Start of Records provided
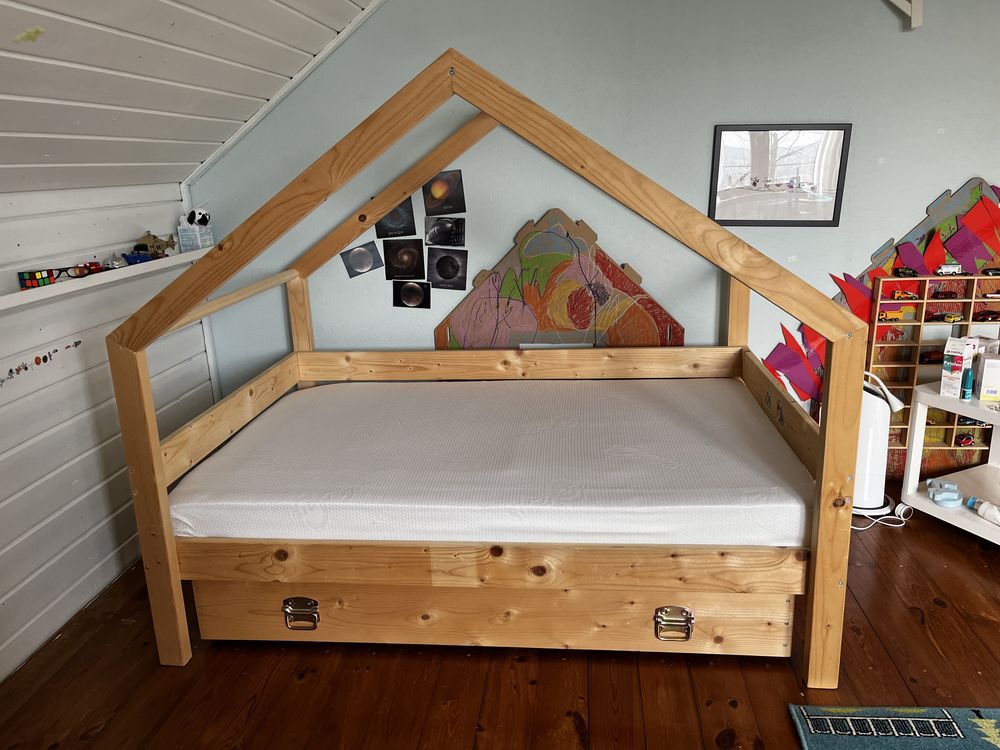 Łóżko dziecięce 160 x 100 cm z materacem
End of Records provided
Start of Records provided
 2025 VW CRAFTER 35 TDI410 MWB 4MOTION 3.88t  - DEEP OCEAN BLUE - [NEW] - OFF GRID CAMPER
End of Records provided
Start of Records provided
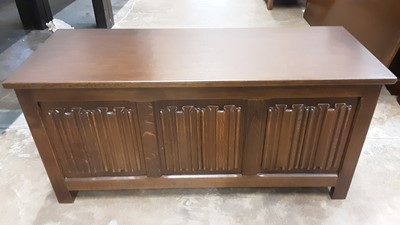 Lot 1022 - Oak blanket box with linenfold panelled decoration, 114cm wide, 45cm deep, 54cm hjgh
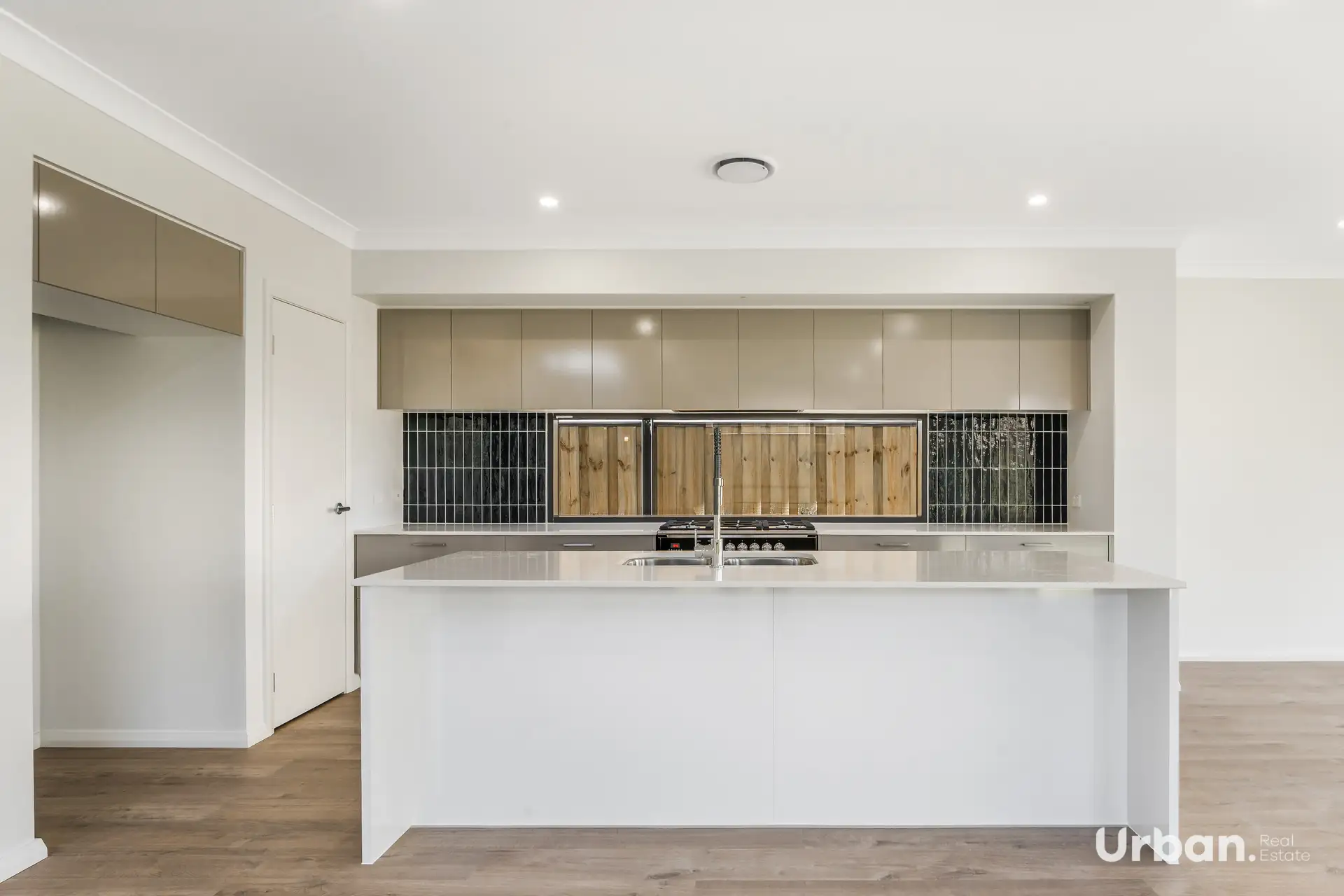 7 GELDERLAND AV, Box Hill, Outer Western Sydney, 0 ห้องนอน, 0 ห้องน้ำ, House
End of Records provided
> Task requirements: Exercise for the records above: copy only the lines from the one with "Lot 1022 - Oak" to the one with "7 GELDERLAND AV, Box", both ends kept, and drop the pictures.

> Result for this task:
 Lot 1022 - Oak blanket box with linenfold panelled decoration, 114cm wide, 45cm deep, 54cm hjgh
 7 GELDERLAND AV, Box Hill, Outer Western Sydney, 0 ห้องนอน, 0 ห้องน้ำ, House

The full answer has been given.